Your instructions: Retype, word for word, the line holding "FIAT 500 1.0 70cv Ibrido Cult" and each line after it down to the end of the data; pictures are not copied.

————

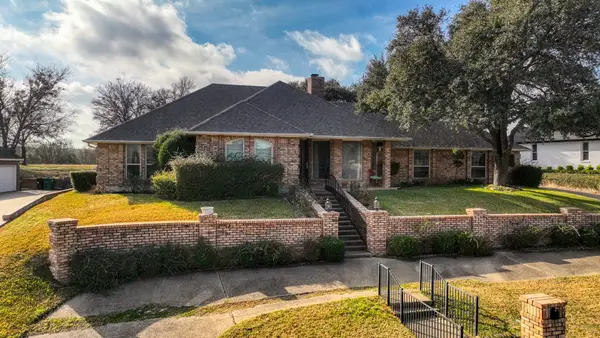 11705 Wind Creek Court, Fort Worth, TX 76008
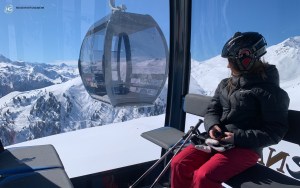 Zillertal Arena im März 2020 (Foto: Hanns Gröner)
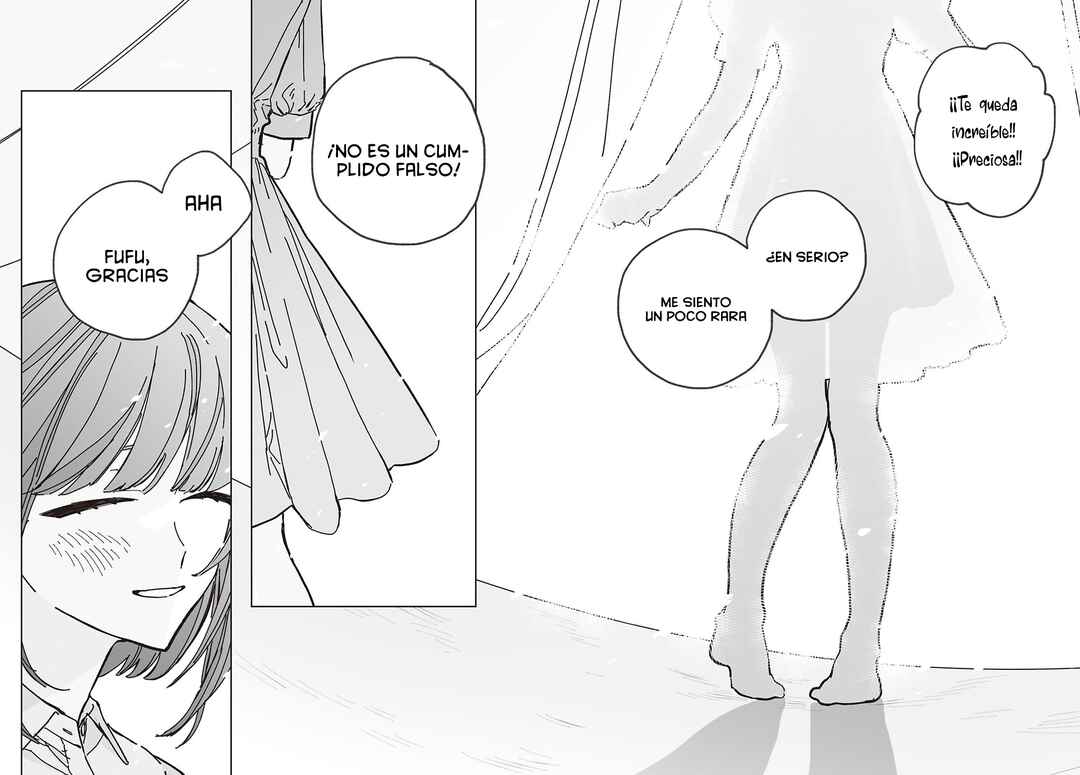 Hareta Hi no Dress Code Chapter 1 - Page 49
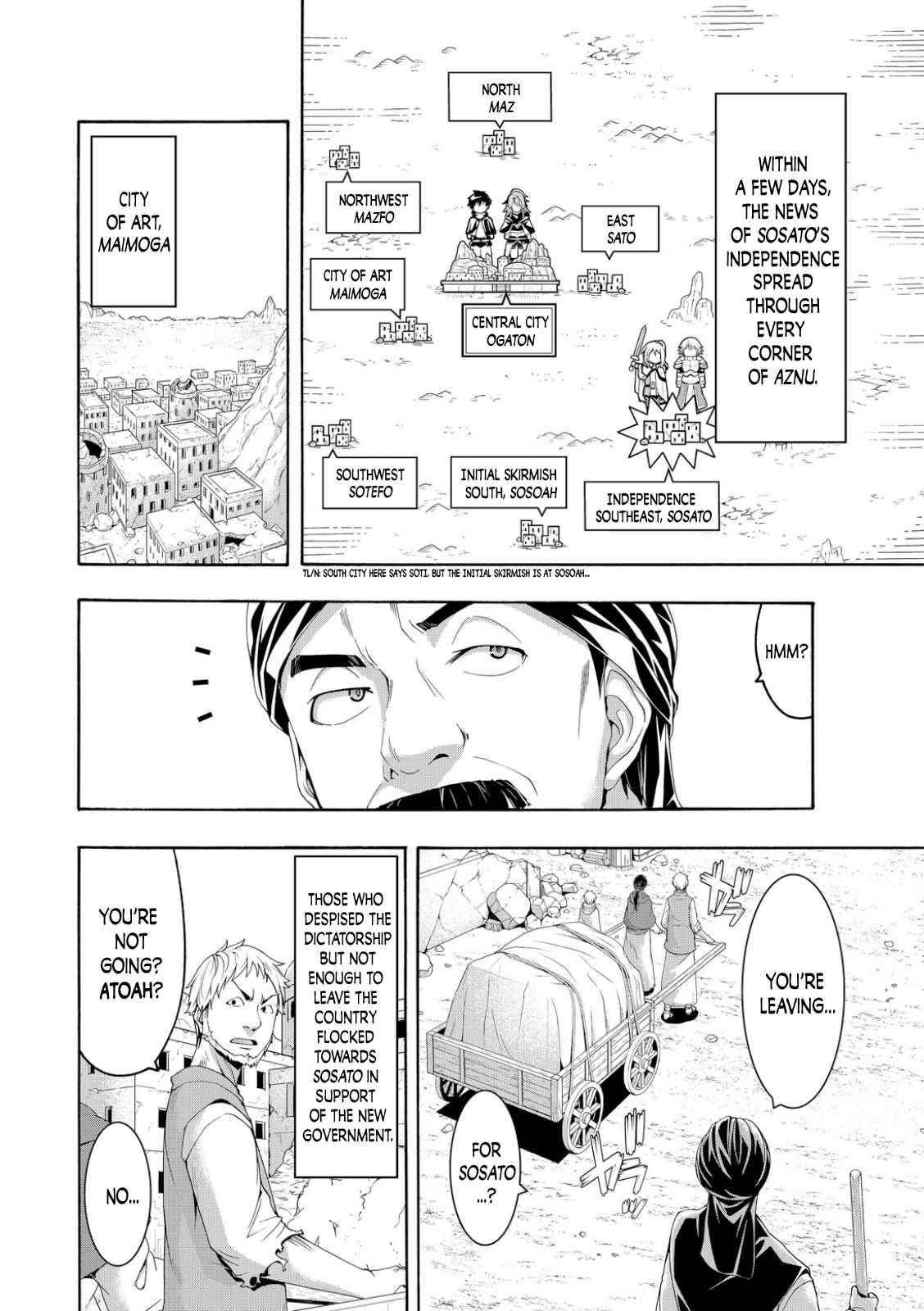 Read I'm Standing on a Million Lives EN Manga Online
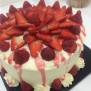 Bakery Cakes, torta alle fragole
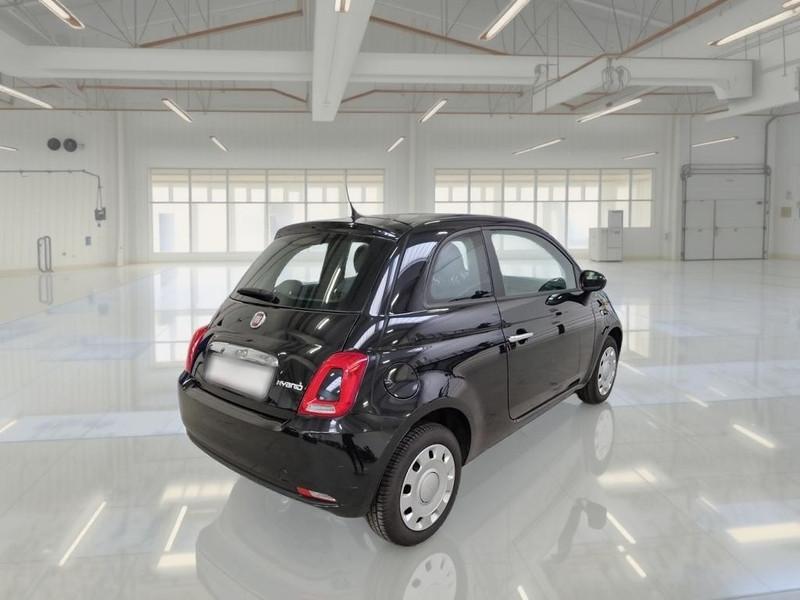 FIAT 500 1.0 70cv Ibrido Cult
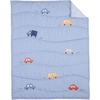 image:imagemini by Motherhood Tiny Cruisers 3 Piece Crib Bedding Set with Two Sheets
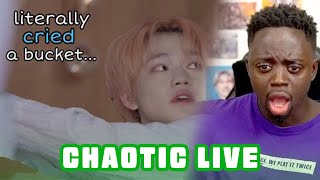 The Live That Proved NCT DREAM Are Agents of Chaos 😂
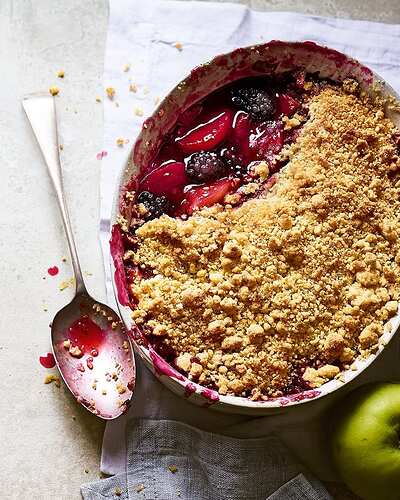 crumble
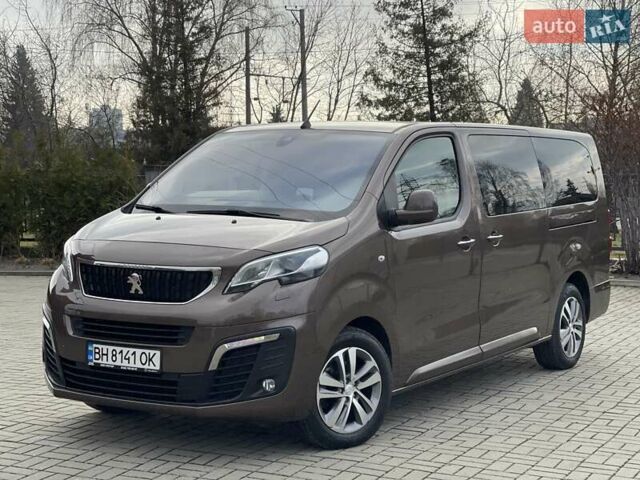 Коричневый Пежо Traveller, объемом двигателя 2 л и пробегом 120 тыс. км за 29500 $, фото 2 на Automoto.ua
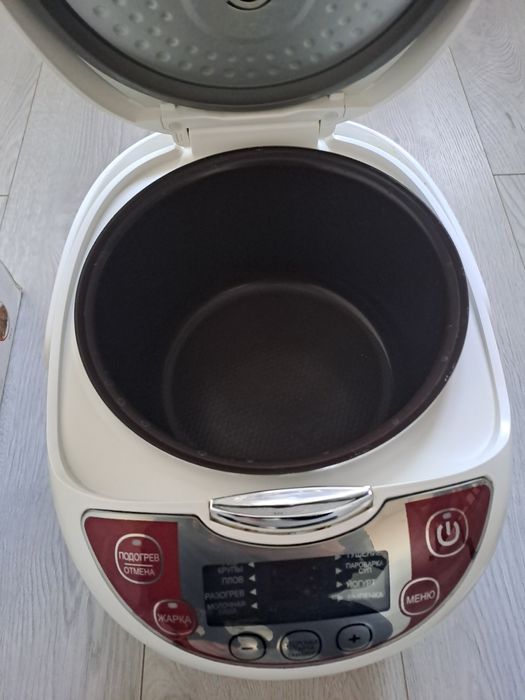 Мультиварка moulinex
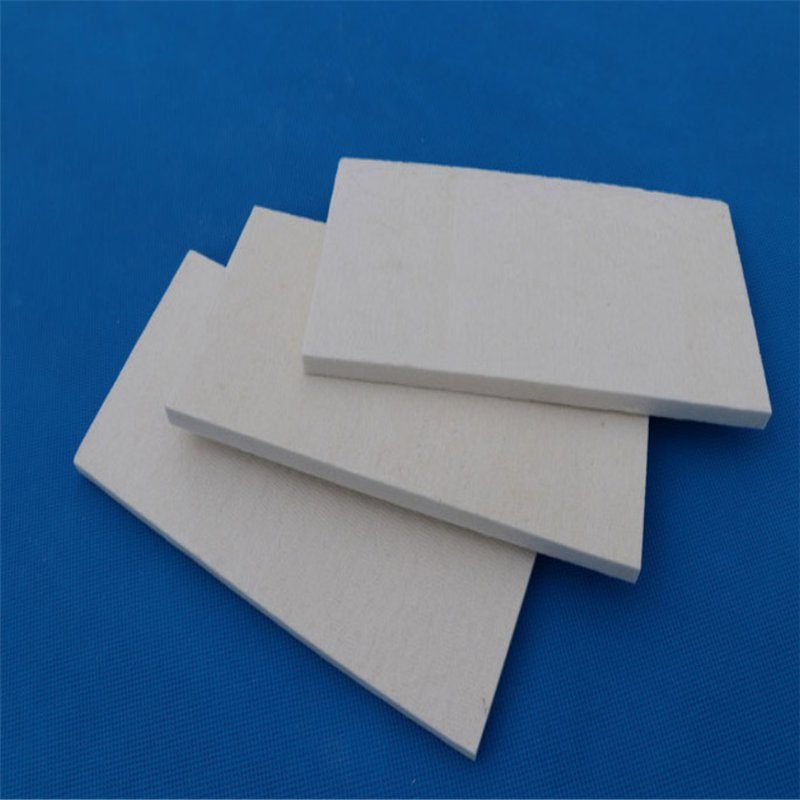 Ceramic Fiber Board 1260°C 1430°C Thermal Insulation Refractory Material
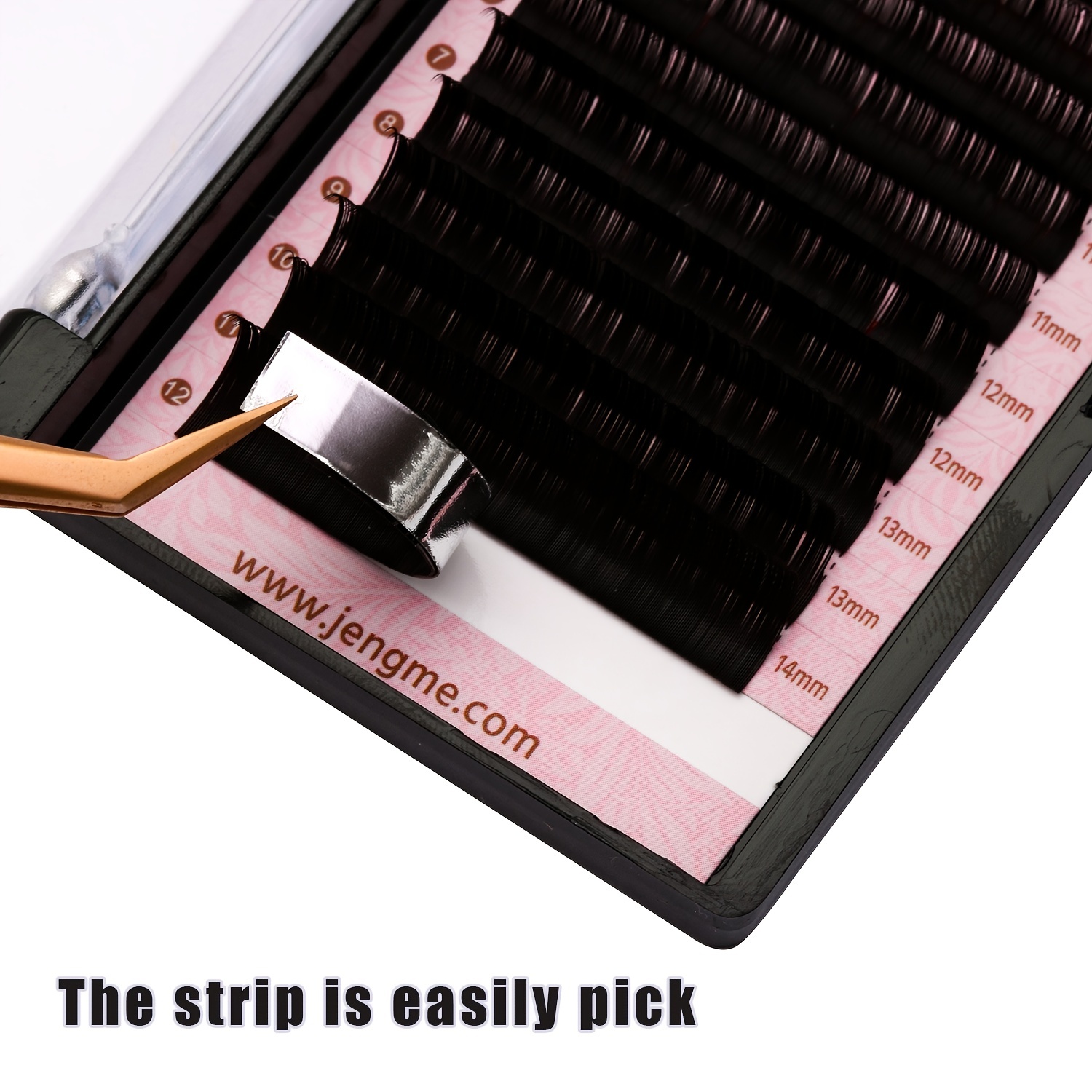 Eyelash Extensions 0.03-0.15 C/DD Curl 8-11.5mm Lash Supplies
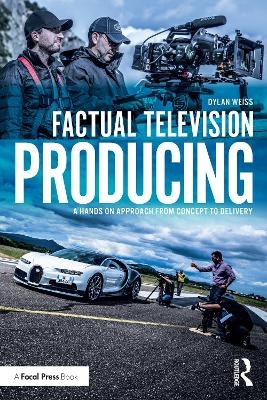 Factual Television Producing - Dylan Weiss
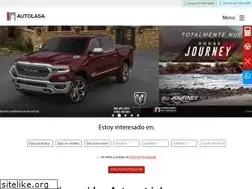 Sites similar to autolasa.com.mx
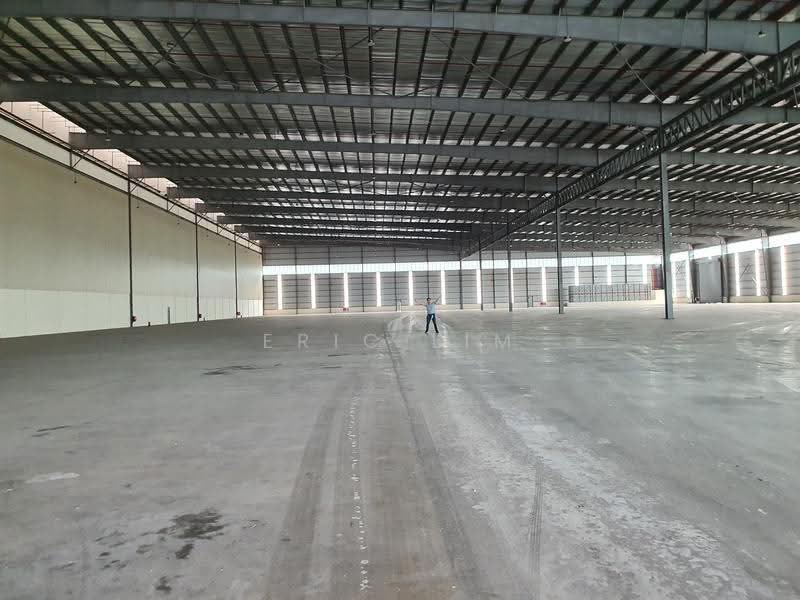 Detached Factory for Rent in North Port (Pelabuhan Utara) (Port Klang (Pelabuhan Klang)) - Eric Lim - Interior - PropertyGuru.com.my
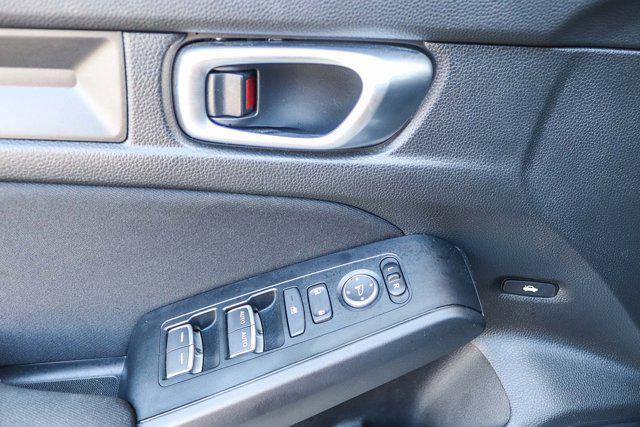 used 2024 Honda Civic car, priced at $25,695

————

Answer below:
 FIAT 500 1.0 70cv Ibrido Cult
 image:imagemini by Motherhood Tiny Cruisers 3 Piece Crib Bedding Set with Two Sheets
 The Live That Proved NCT DREAM Are Agents of Chaos 😂
 crumble
 Коричневый Пежо Traveller, объемом двигателя 2 л и пробегом 120 тыс. км за 29500 $, фото 2 на Automoto.ua
 Мультиварка moulinex
 Ceramic Fiber Board 1260°C 1430°C Thermal Insulation Refractory Material
 Eyelash Extensions 0.03-0.15 C/DD Curl 8-11.5mm Lash Supplies
 Factual Television Producing - Dylan Weiss
 Sites similar to autolasa.com.mx
 Detached Factory for Rent in North Port (Pelabuhan Utara) (Port Klang (Pelabuhan Klang)) - Eric Lim - Interior - PropertyGuru.com.my
 used 2024 Honda Civic car, priced at $25,695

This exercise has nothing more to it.